There are interferences
What works in the lab, won’t probably work in real environments. Both detectors have to handle technical faults, random spikes and other interferences. For example on the optical sensor even the status led of the 8266 board or daylight led to wrong values. To mitigate this, I had to define thresholds. Since I used the analog input pin to connect the photoresistor, I had to define when the value is to be considered as 1 or 0. This is highly related to the power meters LED luminance - in my case a value around 70.
On both the magnetic and the optical sensors there was some kind of glitch from time to time so that spikes in consumptions seemed to happen. Since I new the Qmin (minimum usage detected) and Qmax (maximum usage detected by the meter) of both meters, I calculated the min and max deltas between two impulses. Every time the delta was too small, the value was stalled as it must have been wrong based on the specification of the meters: for the power meter, with the highest load possible (100A) the LED would blink 3 times a second. Therefore a delta below 300 ms was too low to be true. For the gas meter, with the highest gas flow possible (4 cubic meter per hour), I’d get up to one impuls every 9 seconds. This method didn’t work well for the interrupt based counting, though, so I switched back to non interrupt (but kept the code there for further investigations).

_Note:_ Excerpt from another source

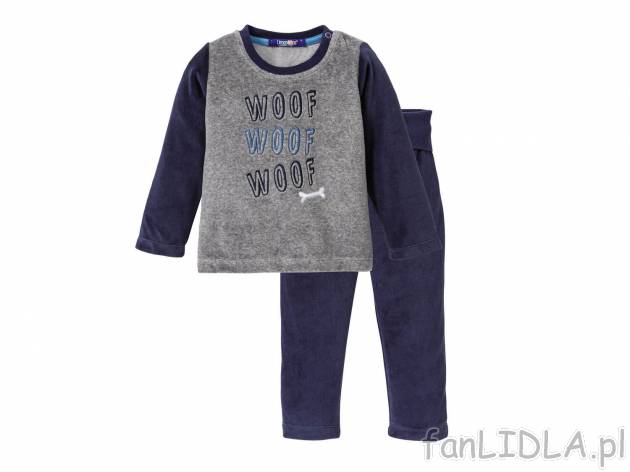 Welurowy dres Lupilu, cena 24,99 PLN 
- rozmiary: 50-92
- komfort noszenia dzięki ...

Don’t block with too many uploads
As mentioned above there might occur an impulse every 300 ms. Since I was uploading the measurement on every impulse in the first place, the transmission latency (connect to MQTT broker, wifi network latency) blocked further detections and led to missed impulses. Therefore I had to set a minimum frequency of transmission. I have chosen a value of 5 sec between uploads since there is no real benefit in uploading the data more frequently. Also don’t use a hard coded delay method, as this will block the processor so you end up missing impulses. To avoid this, one has to use state variables and go on with the processing and check again later.
When I reset the node, the impulses are lost and so the values are out of sync with the actual meter reading. I could persist the value in the node’s flash, but the many write operations would kill the flash pretty fast. Therefore I decided to use MQTT to push the last value back to the node - if needed.
#DIY #FTW. It’s fun to create your own sensors that have to work non blocking and very fast and operate in real time in order to detect highly frequent impulses. I’ve learned a lot and even had to get back into Kirchhoff’s circuits laws, Ohm’s laws, learn a bit of C++... That’s a fun hobby to have and I highly recommend this to everyone interested in sensor networks and IOT. Last but not least: it’s not that easy at all to build reliable and accurate sensors. Now I kind of understand the higher price of ready to use connected sensors. As to my sensors: Both are running without any problems (it’s been a long way) and actually never miss an impulse even over a longer period of time.